5. nature of attribution provided: when the clarity of attribution is lower. For example, when there is no attribution, or when just a general PD template is present, rather than explicit footnotes following each specific idea in material copied plus use of explicit quotation marks for any creative wording.

Therefore, if I see an article involving copy-pasted material, 1) where the principal editor is experienced and known to be aware of guidelines, 2&3) where the editor is putting the article forward for DYK credit, 4) where the article includes long verbatim copied passages of distinctive, original, creative material, and 5) credit to the source is only given as just an External link, then I will call that blatant plagiarism. If the editor has repeatedly done this, despite being called out on it before, then eventually it is fair to call the editor a serial plagiarist.

On the other hand, if I see an article involving copy-pasted material where 1) the editor is a newbie, 2) the article has just been started in a sandbox, 3) the editor has not bragged about it anywhere, 4) there has been extensive reworking of the material into paraphrases which no longer include distinctive wording (except for quoted phrases), 5) there is explicit footnoting and use of quotations where appropriate, then I will not call that plagiarism. doncram (talk) 22:56, 2 May 2009 (UTC)[reply]
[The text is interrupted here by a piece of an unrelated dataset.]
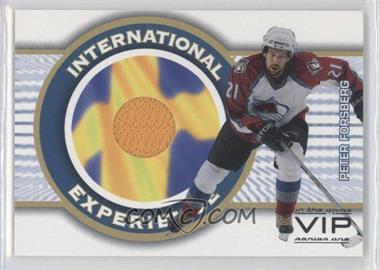 2003-04 In the Game VIP - International Experience #IE-7 - Peter Forsberg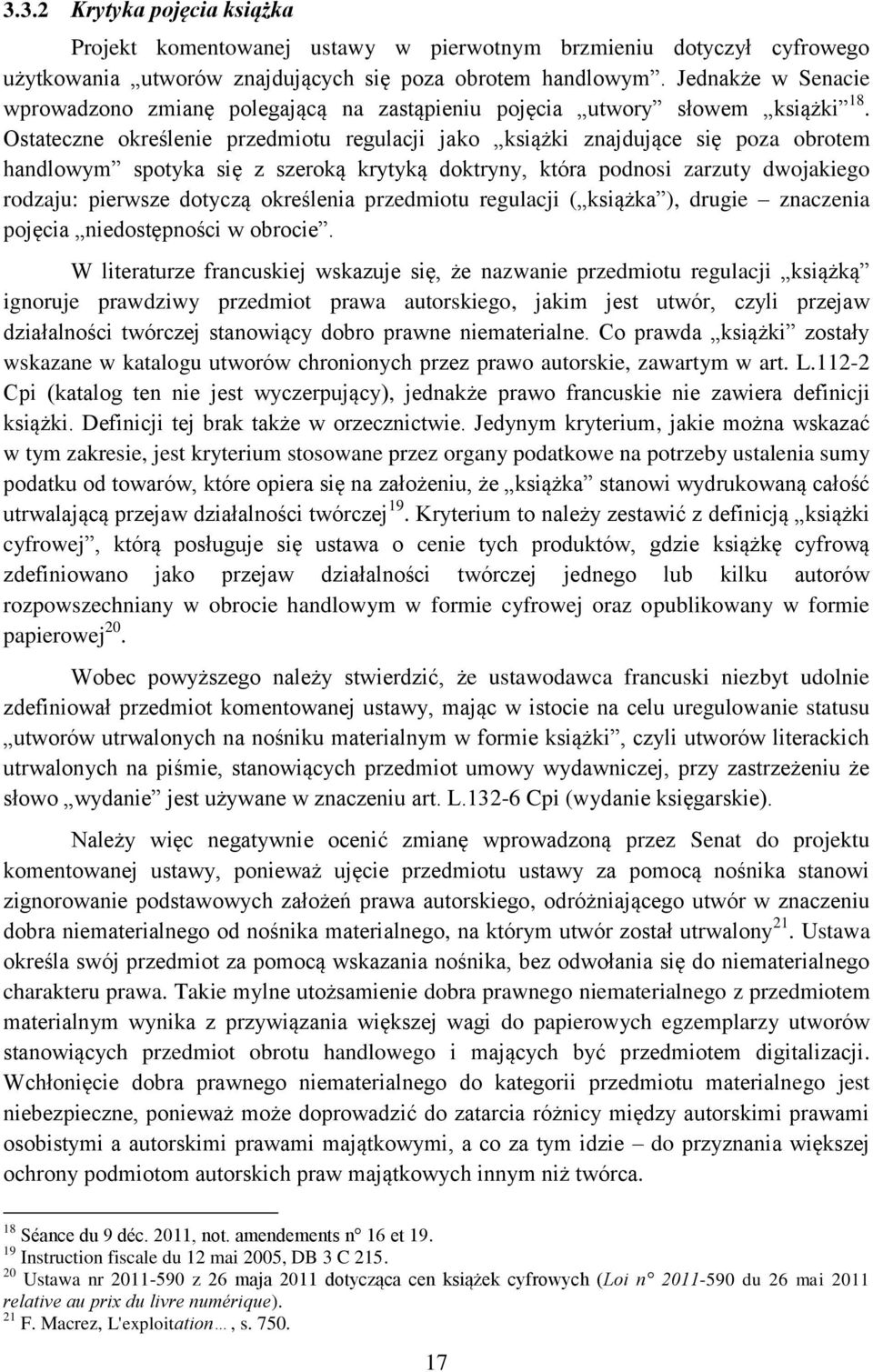 Ostateczne określenie przedmiotu regulacji jako książki znajdujące się poza obrotem handlowym spotyka się z szeroką krytyką doktryny, która podnosi zarzuty dwojakiego rodzaju: pierwsze dotyczą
Accidental plagiarism in a wiki environment

The peculiar nature of the multi-editor wiki environment makes a rare form of accidental plagiarism possible. Let me see if I can lay out the steps that produce this:

  • (1) Editor A paraphrases source Z to add a paragraph or section to an article, and cites the reference. During this paraphrasing process, they present the same information in a different way, and deliberately omit some details mentioned in the source (for fear of engaging in wholesale copying from the source).
  • (2) Editor B comes along later and reads the article and reads source Z. They see that some of what is in source Z is not mentioned in the article, and so they add this information to the article, citing source Z.
  • (3) Editor C comes along and thinks that the section written mostly by editors A and B doesn't flow very well, so editor C rewrites the section to make it flow better and changes some of the words used as well, unintentionally changing the article to use some of the words used in source Z.
  • (4) Editor D comes along and reads the article and then goes to check source Z to verify what has been written in a particular section (the one jointly written over time by editors A, B and C). Editor D notices that this particular section of the article is very similar to the cited passage in source Z, and suspects plagiarism has taken place.
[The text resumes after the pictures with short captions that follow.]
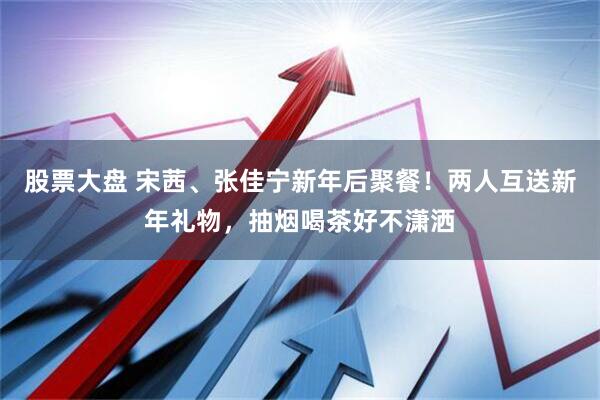 股票大盘 宋茜、张佳宁新年后聚餐！两人互送新年礼物，抽烟喝茶好不潇洒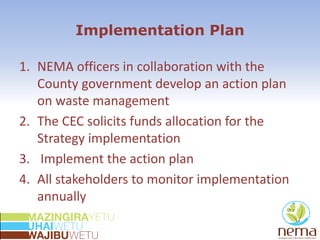 Implementation Plan
1. NEMA officers in collaboration with the
County government develop an action plan
on waste management
2. The CEC solicits funds allocation for the
Strategy implementation
3. Implement the action plan
4. All stakeholders to monitor implementation
annually
 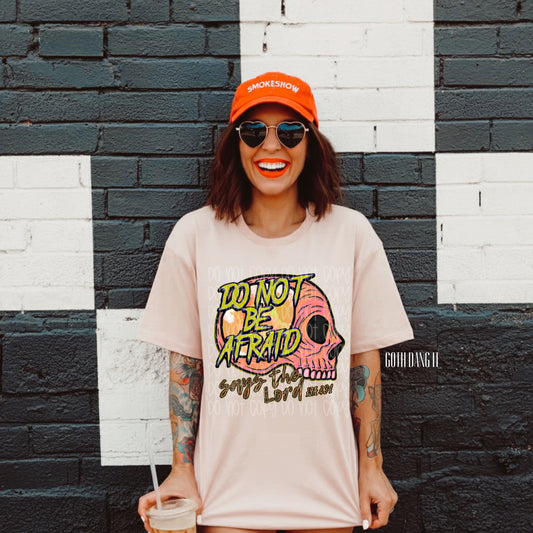 Do Not Be Afraid Tee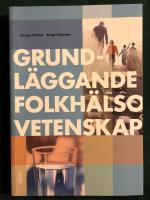 Grundl&auml;ggande folkh&auml;lsovetenskap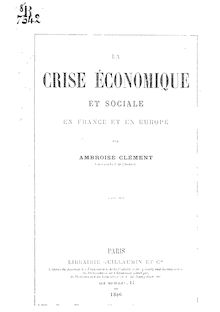 La crise économique et sociale en France et en Europe / par Ambroise Clément,...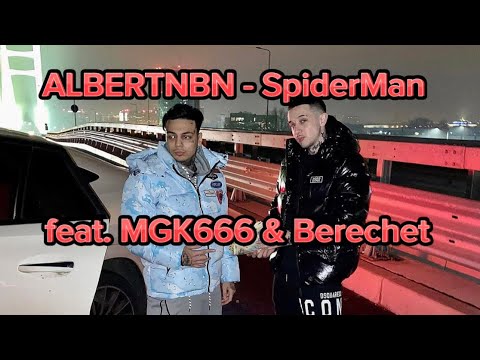 AlbertNBN - SpiderMan feat. MGK666 & Berechet (Full Leak)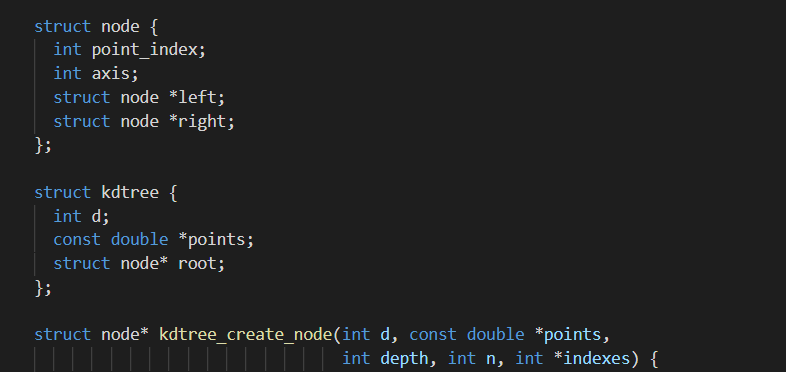 struct node {
int point_index;
int axis;
struct node *1left;
struct node *right;
};
struct kdtree {
int d;
const double *points;
struct node* root;
};
struct node* kdtree_create_node(int d, const double *points,
||||| int depth, int n, int *indexes) {
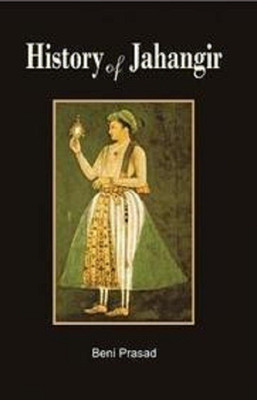 History of Jahangir(English, Hardcover, Beni Prasad)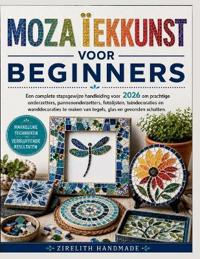 MOZAÏEKKUNST VOOR BEGINNERS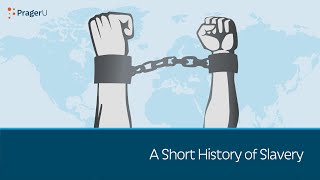 A Short History of Slavery  5 Minute Video [upl. by Innaig]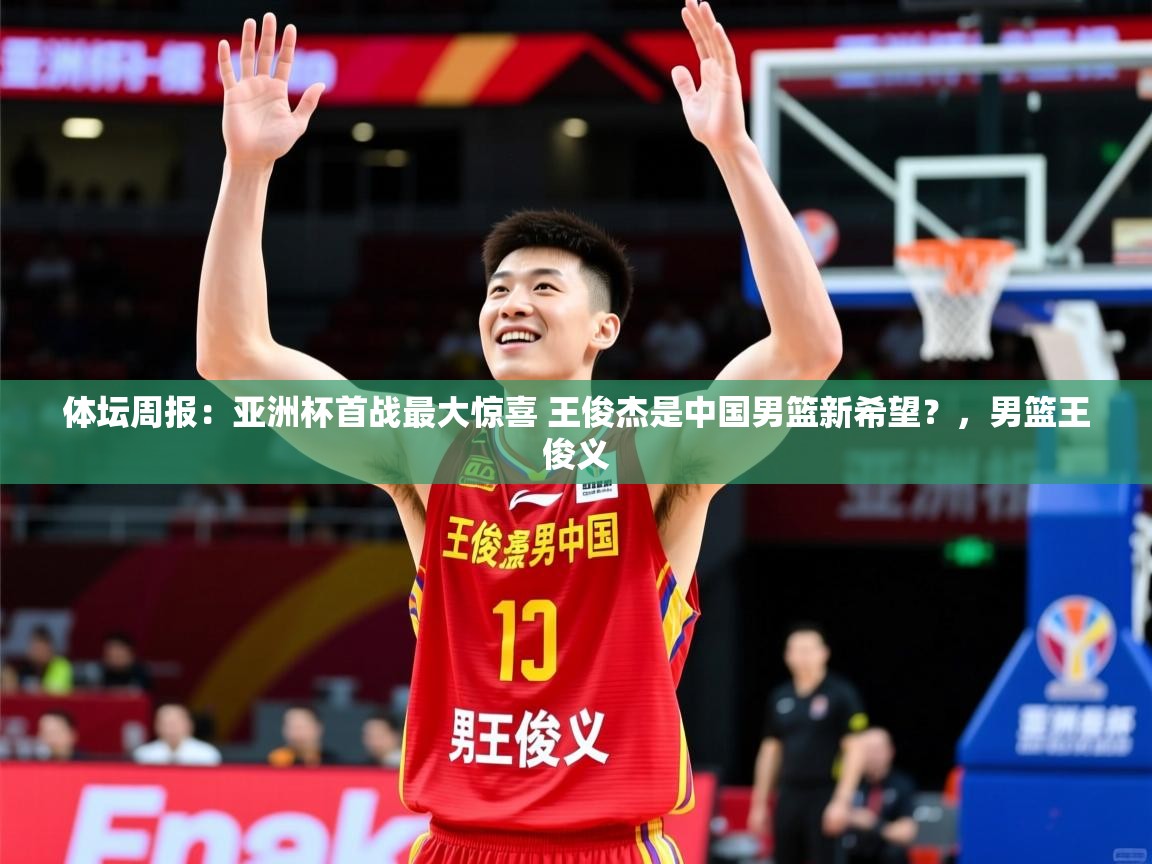 2025九游娱乐app赔率高体坛周报：亚洲杯首战最大惊喜 王俊杰是中国男篮新希望？，男篮王俊义  第3张
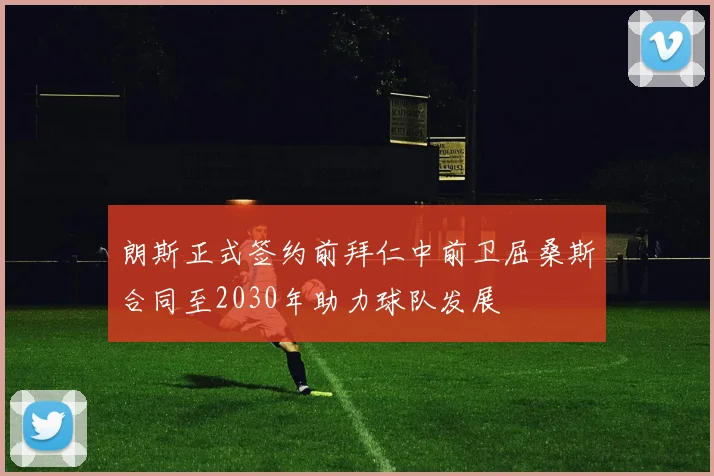 朗斯正式签约前拜仁中前卫屈桑斯合同至2030年助力球队发展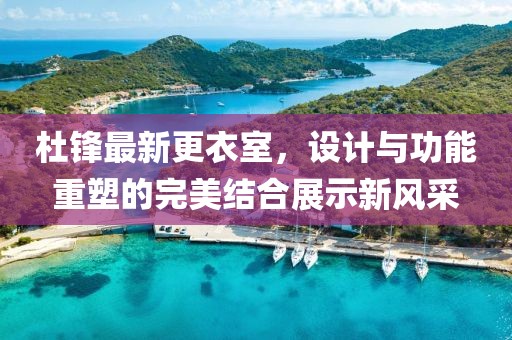 杜鋒最新更衣室，設(shè)計(jì)與功能重塑的完美結(jié)合展示新風(fēng)采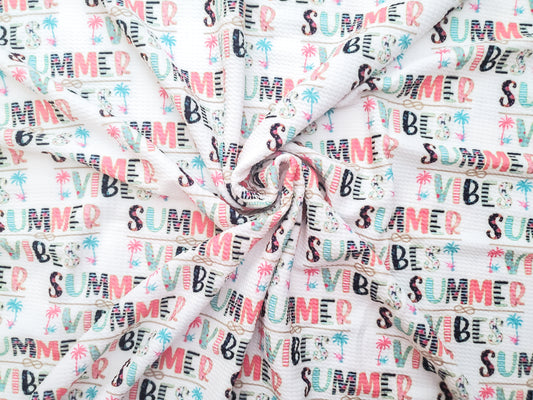 Summer Vibes Bullet Fabric Strip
Has plagiarism taken place? Is this a copyright violation? Is this a problem unique to Wikipedia? What went wrong? My view is that editors B and C should have read source Z before making the changes they did, but in practice it is hard to hold people to that. I'm uncertain whether this phenomenon of articles regressing from paraphrasing back towards the wording used in the source, due to the nature of editing distributed over time and different people, is rare or not. But I believe it is certainly possible. Carcharoth (talk) 00:23, 3 May 2009 (UTC)[reply]
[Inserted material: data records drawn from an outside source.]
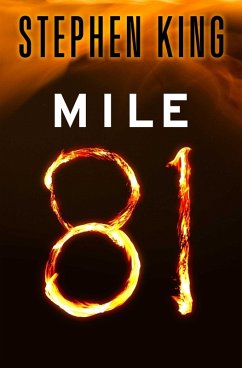 Mile 81 (eBook, ePUB) - King, Stephen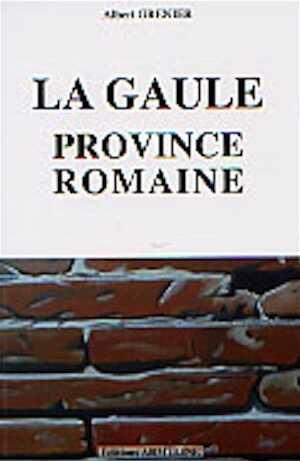 La Gaule, province romaine, 2000, 126 p., 3 cartes, 5 ill. coul., br.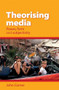Theorising Media (Power, form and subjectivity) by John Corner, 9780719096563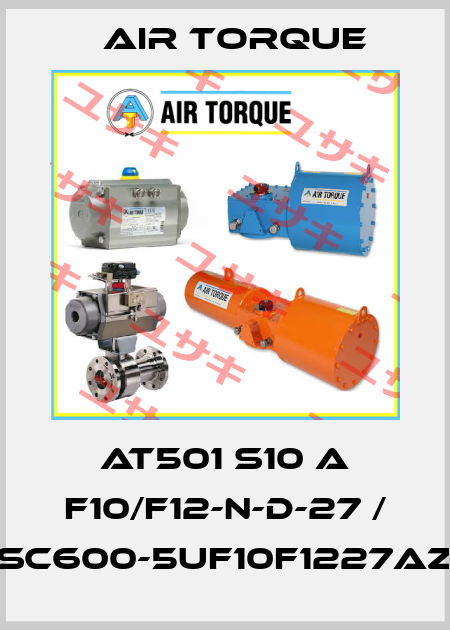 AT501 S10 A F10/F12-N-D-27 / SC600-5UF10F1227AZ Air Torque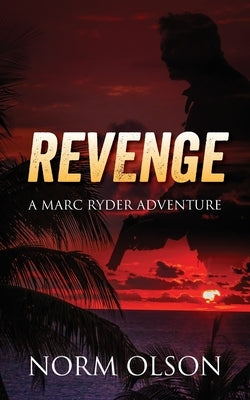 Revenge: a Marc Ryder Adventure Paperback Outskirts Press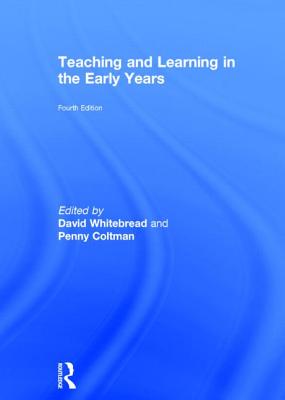 Teaching and Learning in the Early Years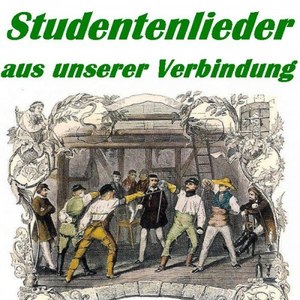 Studentenlieder Aus Unserer Verbindung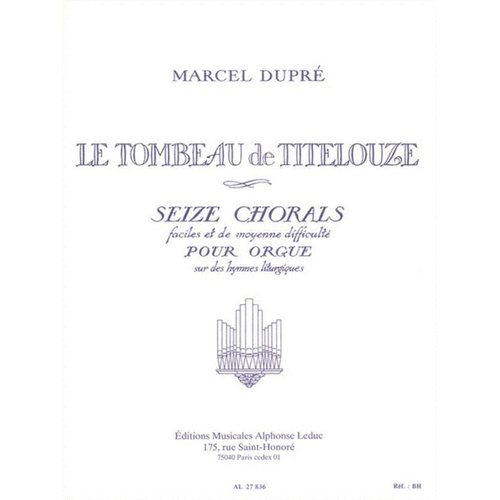 The Tomb Of Titelouze Op 38 Organ (Softcover Book)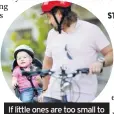  ??  ?? If little ones are too small to cycle themselves attach a child seat and away you go
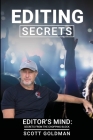 Editing Secrets: Editors Mind: Secrets From The Chopping Block By Scott Goldman Cover Image
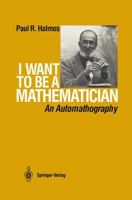I Want to Be a Mathematician: An Automathography 0883854457 Book Cover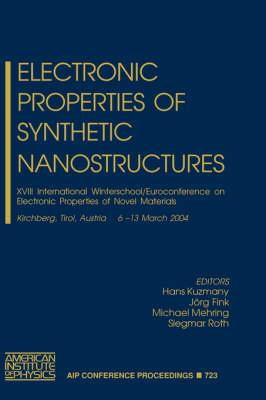Electronic Properties of Novel Nanostructures: XIX International Winterschool/Euroconference on Electronic Properties of Novel Materials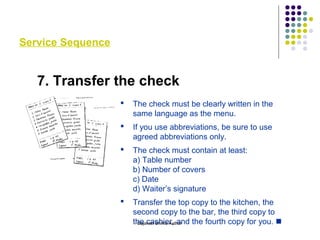 Service Sequence
7. Transfer the check
 The check must be clearly written in the
same language as the menu.
 If you use abbreviations, be sure to use
agreed abbreviations only.
 The check must contain at least:
a) Table number
b) Number of covers
c) Date
d) Waiter’s signature
 Transfer the top copy to the kitchen, the
second copy to the bar, the third copy to
the cashier, and the fourth copy for you. Gajanan Shirke Author
 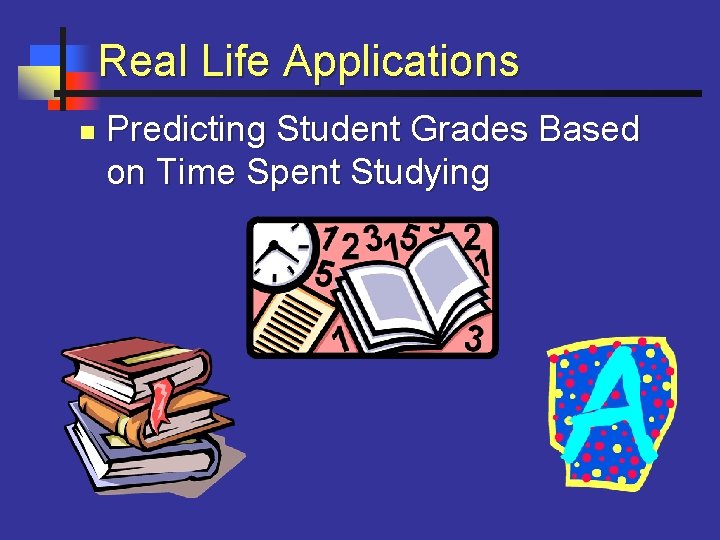 Real Life Applications n Predicting Student Grades Based on Time Spent Studying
I think that kind of process is indeed possible. I think we should be clear that the article is plagiarized, though, however it got there, if its current state is such that it is under-attributed relative to reasonable expectations for what attribution should be. I think we have to leave editor intent out of a useful definition of whether a wikipedia article is plagiarized or not. Also, it is further irrelevant whether editors in the previous edit history were very clear with their edit labels and their original paste-in or not. The prior edit history is irrelevant. We need to be able to judge an article as it appears, comparing to the sources from which it was developed. You've described a situation where the article is plagiarized, although I agree no editor should be called a plagiarist for their role in it getting there. It is our job as a collective of editors to try to prevent such situations from arising frequently though. For example, I believe that paste-ins of PD text plus use of PD templates will often tend to lead to plagiarized article situations, while a different guideline on how to introduce PD text would work better in avoiding future plagiarized state situations. doncram (talk) 00:54, 3 May 2009 (UTC)[reply]
Possible, yes, but highly improbable and not worth worrying about. --SmokeyJoe (talk) 11:58, 12 May 2009 (UTC)[reply]

Self Plagerism

I am new to the community although I have made a substantial number of edits and corrections over the years where I had information.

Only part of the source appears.